• WHAT IS REQUIRED
Exercise in exact copying: restate word for word only the lines below from the one containing "Cabeza buda madera plata de 150 alto" through the one containing "Jogsi nélkül menekült, fának", omitting any pictures.

• SOURCE MATERIAL
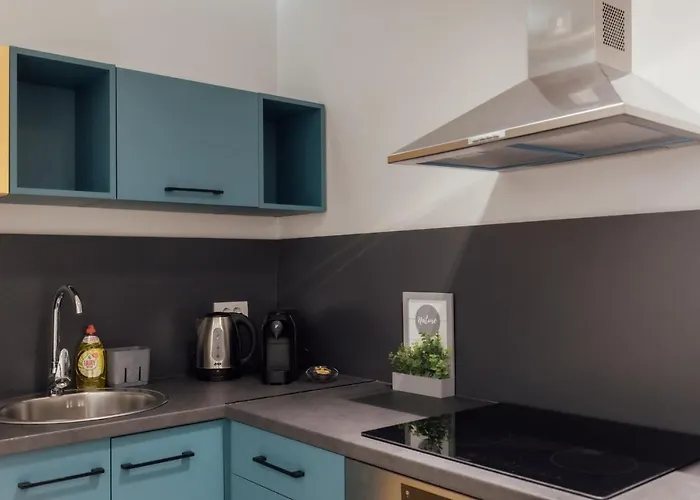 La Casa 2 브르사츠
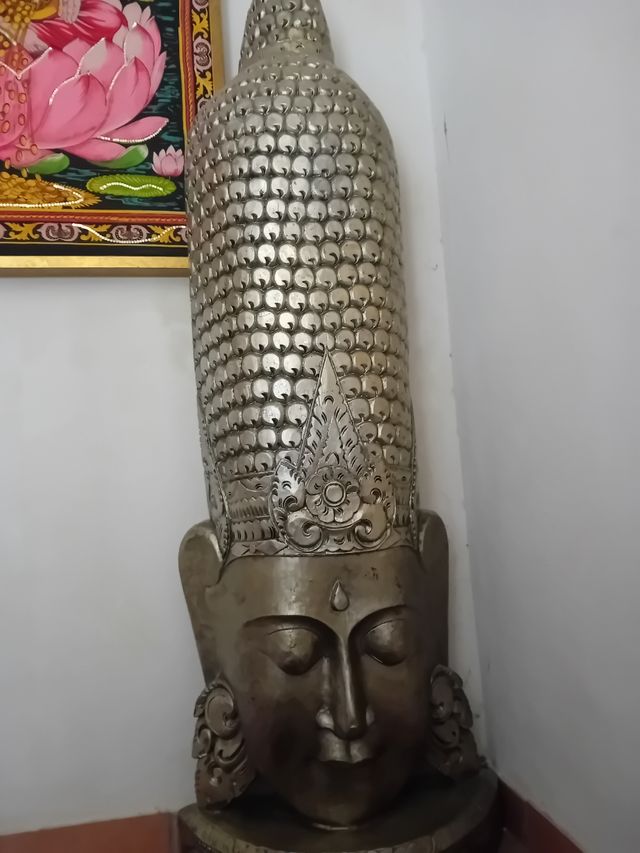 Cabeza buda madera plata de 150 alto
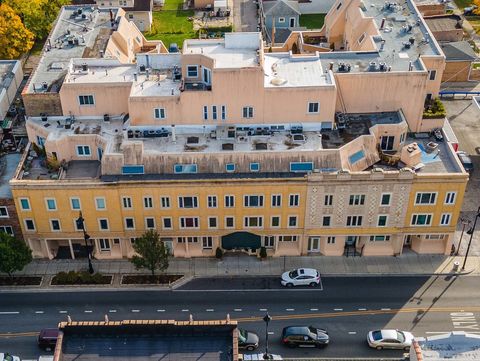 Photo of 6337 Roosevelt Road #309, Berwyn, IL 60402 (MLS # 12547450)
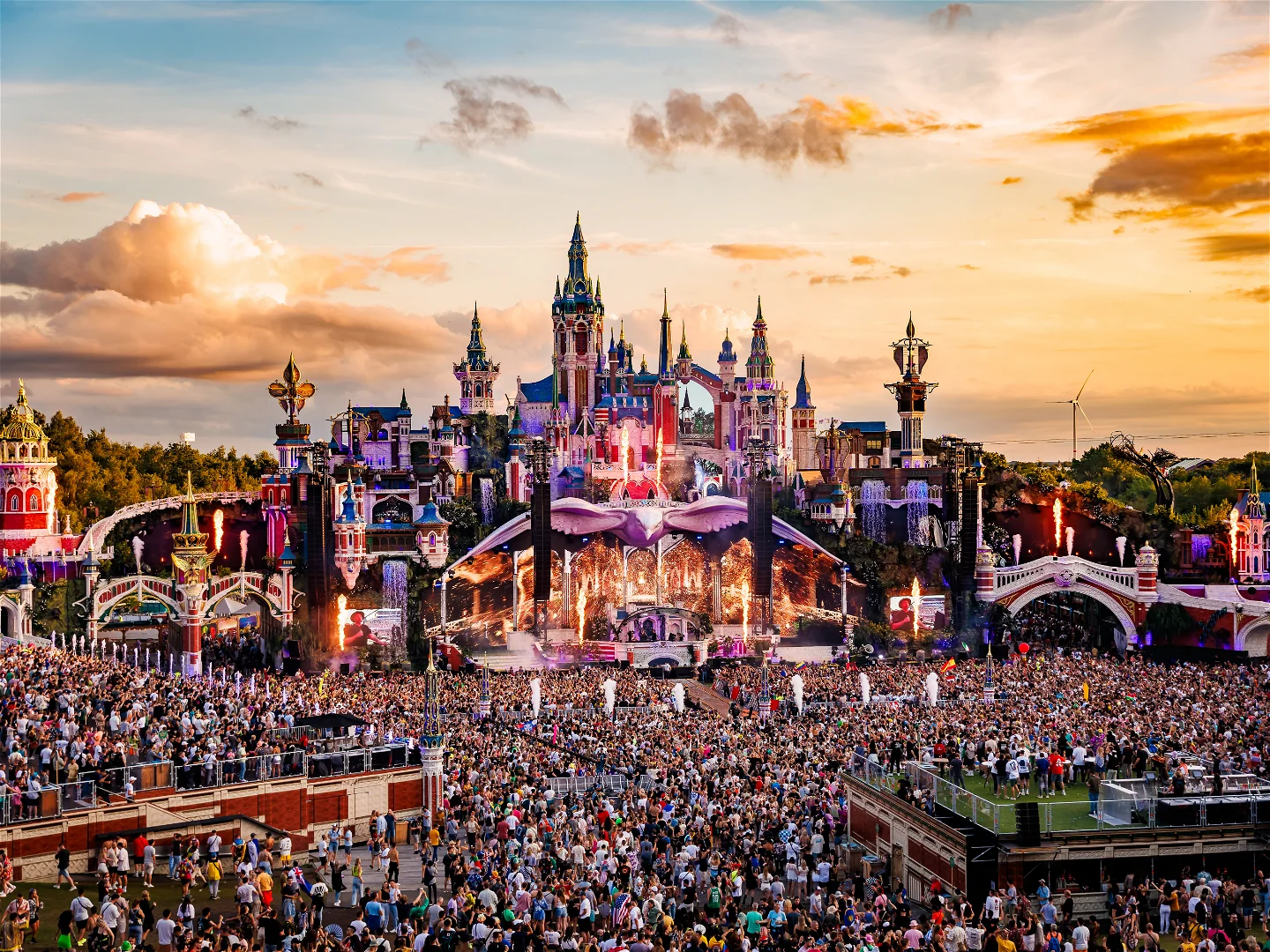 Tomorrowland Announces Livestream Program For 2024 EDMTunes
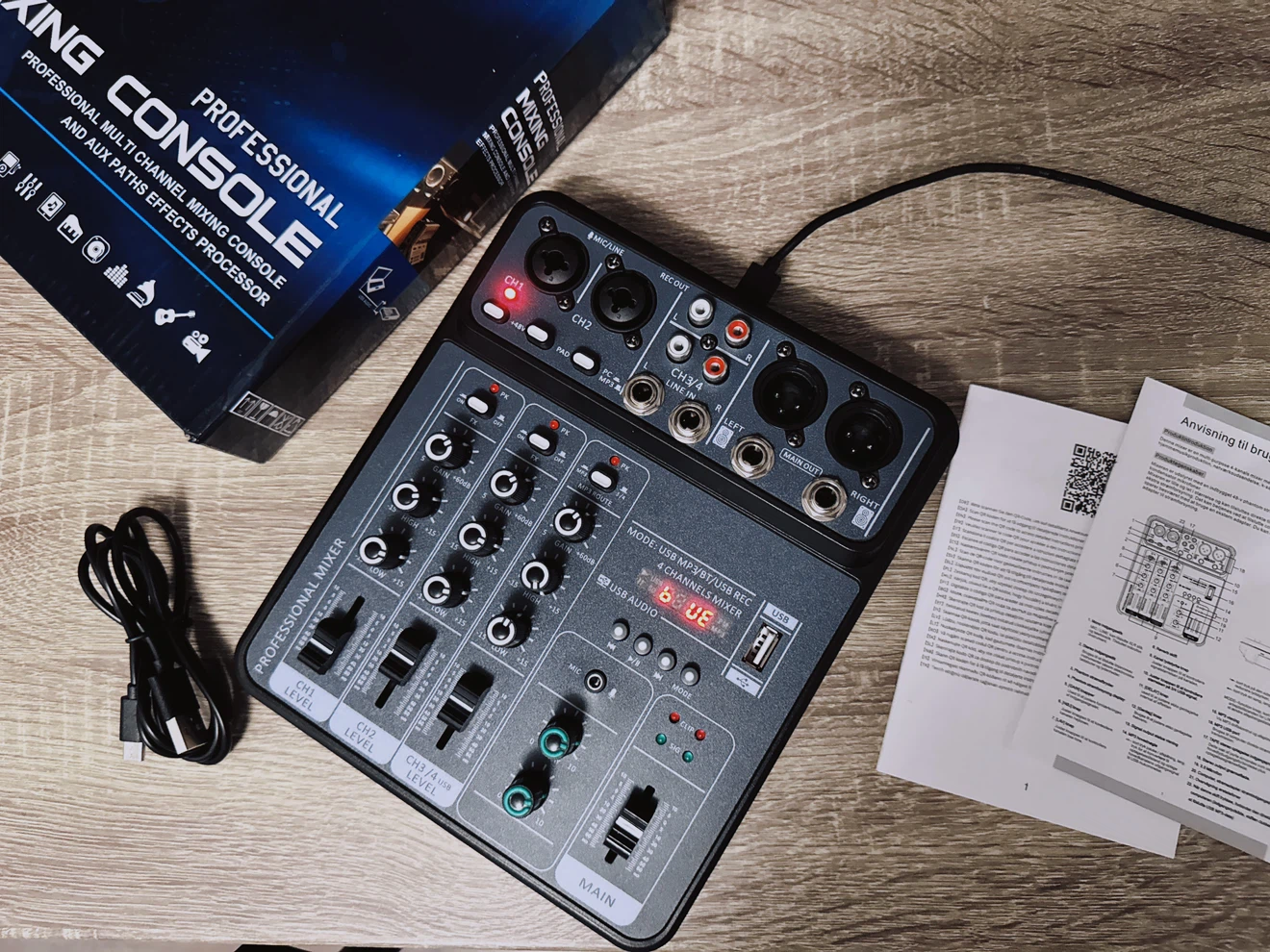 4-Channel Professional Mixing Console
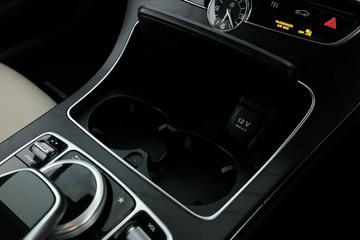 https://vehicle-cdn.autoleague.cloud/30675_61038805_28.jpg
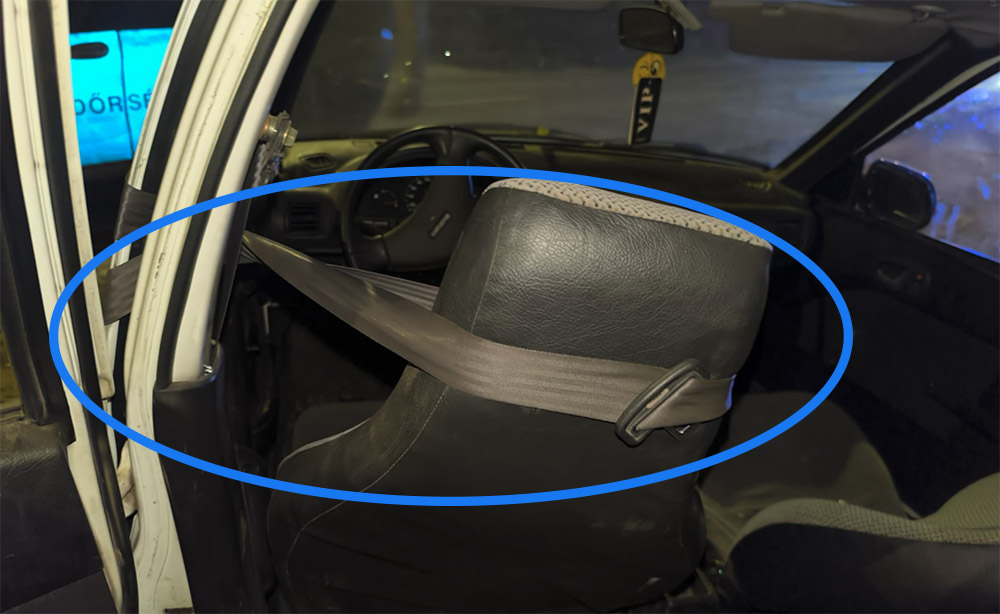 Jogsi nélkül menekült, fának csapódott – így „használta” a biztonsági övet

---

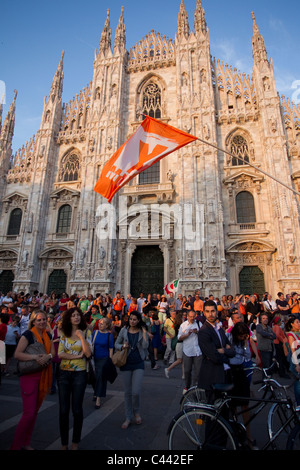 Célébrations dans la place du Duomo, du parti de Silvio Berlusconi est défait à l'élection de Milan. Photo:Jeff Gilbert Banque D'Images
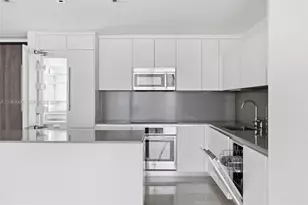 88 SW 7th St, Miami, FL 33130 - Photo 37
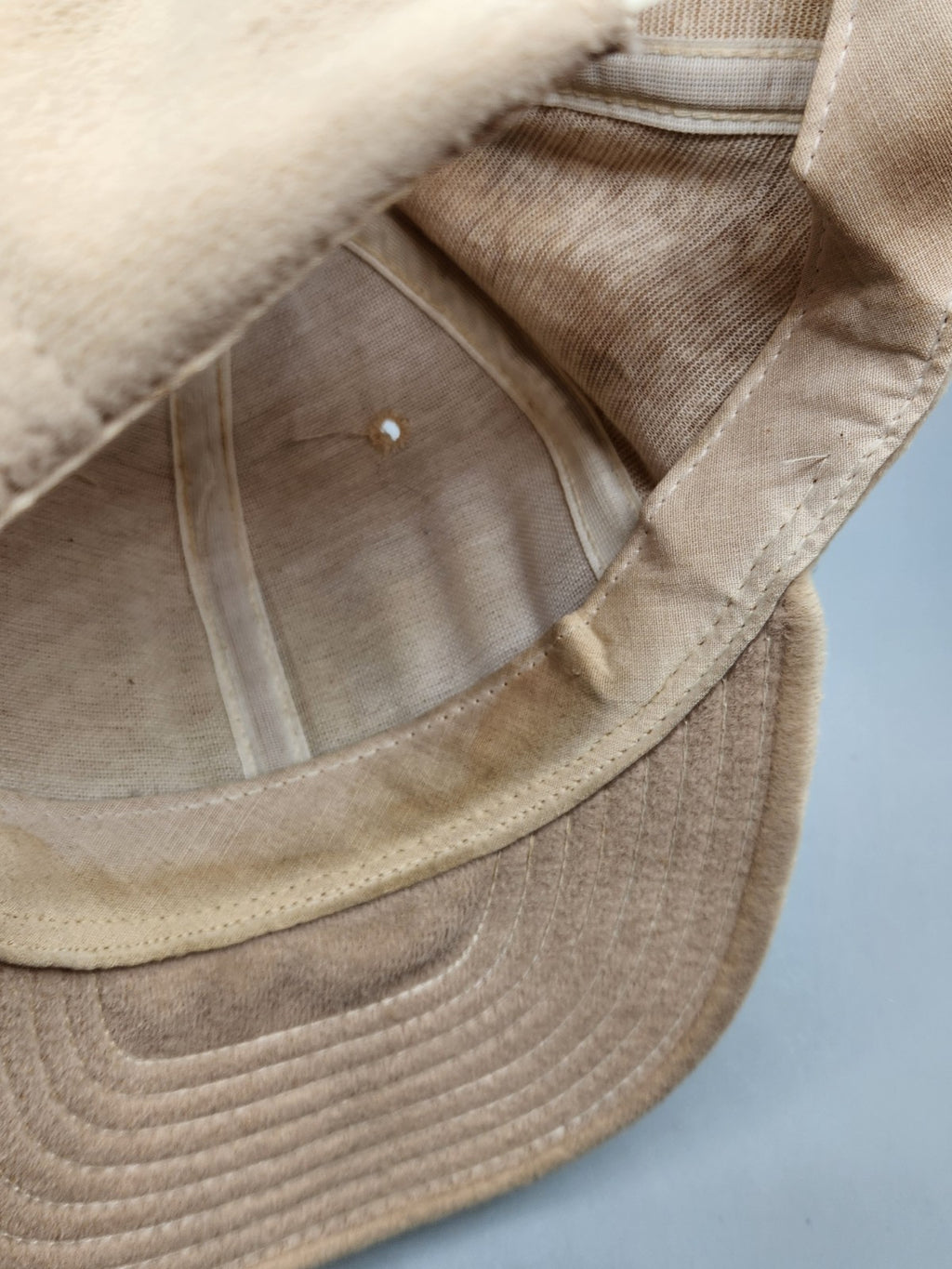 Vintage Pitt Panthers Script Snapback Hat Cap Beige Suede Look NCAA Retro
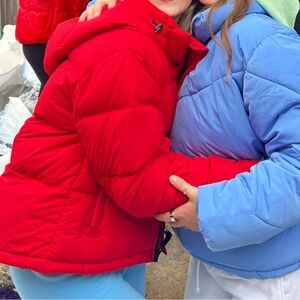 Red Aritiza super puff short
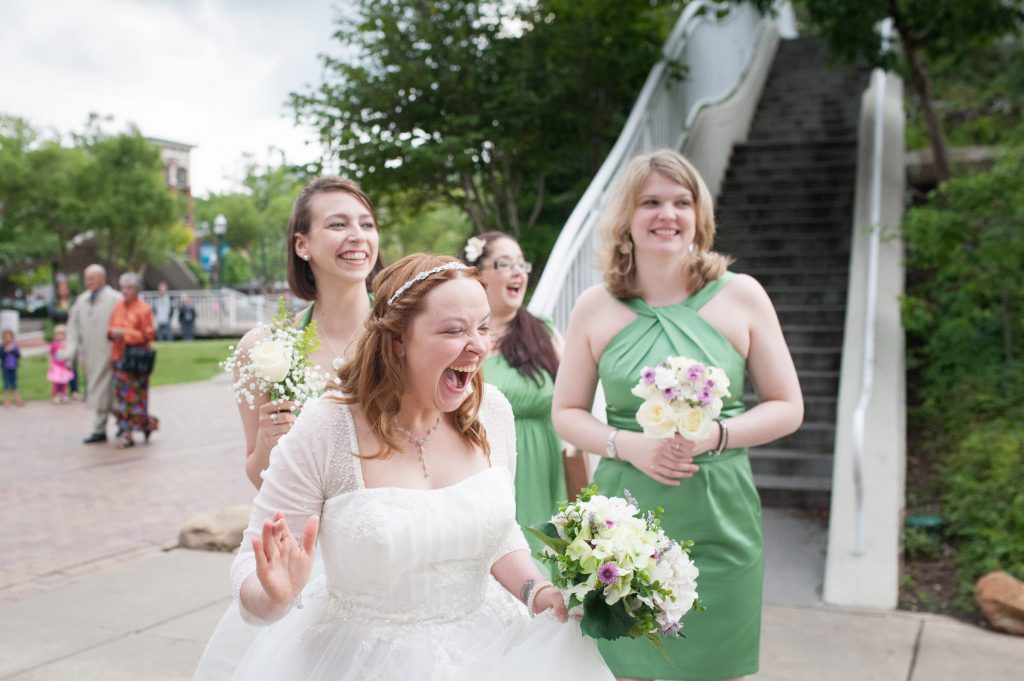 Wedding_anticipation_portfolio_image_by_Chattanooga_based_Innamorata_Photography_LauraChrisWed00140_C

• RESULT FOR THIS TASK
 Cabeza buda madera plata de 150 alto
 Photo of 6337 Roosevelt Road #309, Berwyn, IL 60402 (MLS # 12547450)
 Tomorrowland Announces Livestream Program For 2024 EDMTunes
 4-Channel Professional Mixing Console
 https://vehicle-cdn.autoleague.cloud/30675_61038805_28.jpg
 Jogsi nélkül menekült, fának csapódott – így „használta” a biztonsági övet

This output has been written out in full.